[Task goal]:
Your answer must be the exact lines from the one with "Woman with white" to the end of the data, both included, with no pictures.

[Captioned web image data]:
|---|
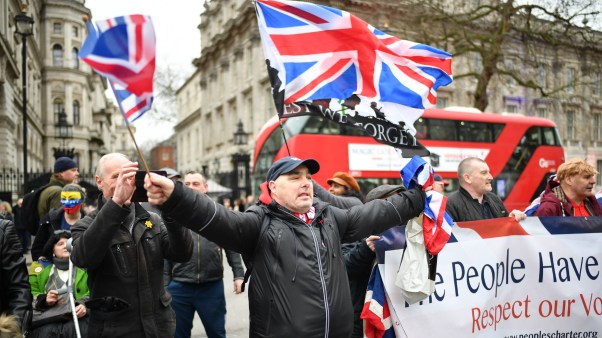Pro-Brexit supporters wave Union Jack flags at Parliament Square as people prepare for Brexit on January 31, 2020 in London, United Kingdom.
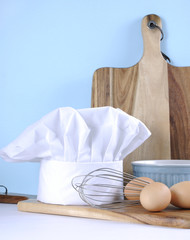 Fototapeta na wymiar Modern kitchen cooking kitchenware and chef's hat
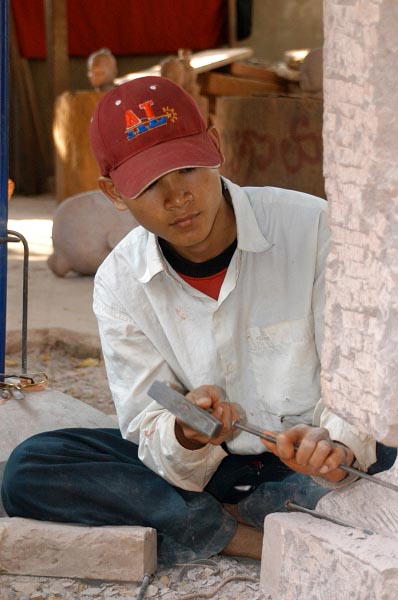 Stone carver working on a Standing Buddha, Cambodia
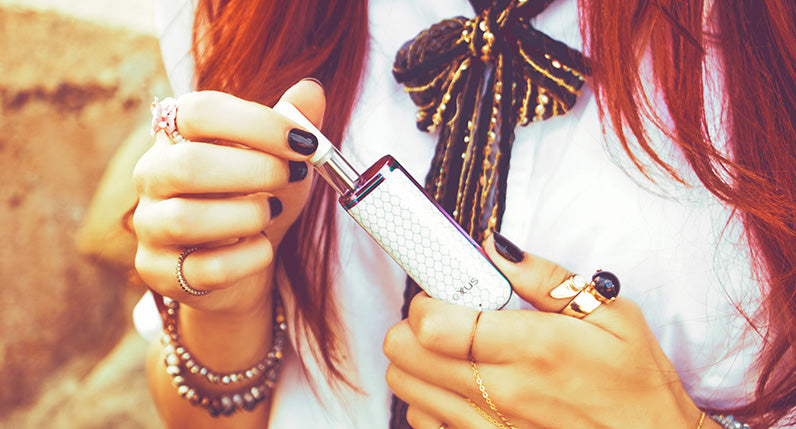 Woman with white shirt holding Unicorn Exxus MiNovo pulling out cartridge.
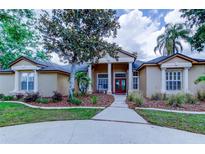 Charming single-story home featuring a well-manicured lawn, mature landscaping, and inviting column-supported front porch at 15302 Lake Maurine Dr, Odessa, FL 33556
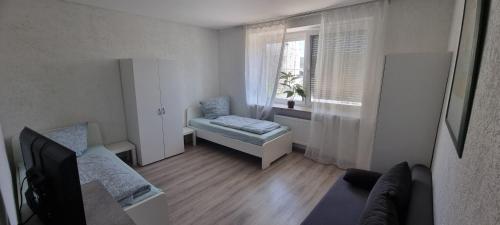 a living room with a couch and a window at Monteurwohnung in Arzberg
|---|
[Reply to the exercise]:
 Woman with white shirt holding Unicorn Exxus MiNovo pulling out cartridge.
 Charming single-story home featuring a well-manicured lawn, mature landscaping, and inviting column-supported front porch at 15302 Lake Maurine Dr, Odessa, FL 33556
 a living room with a couch and a window at Monteurwohnung in Arzberg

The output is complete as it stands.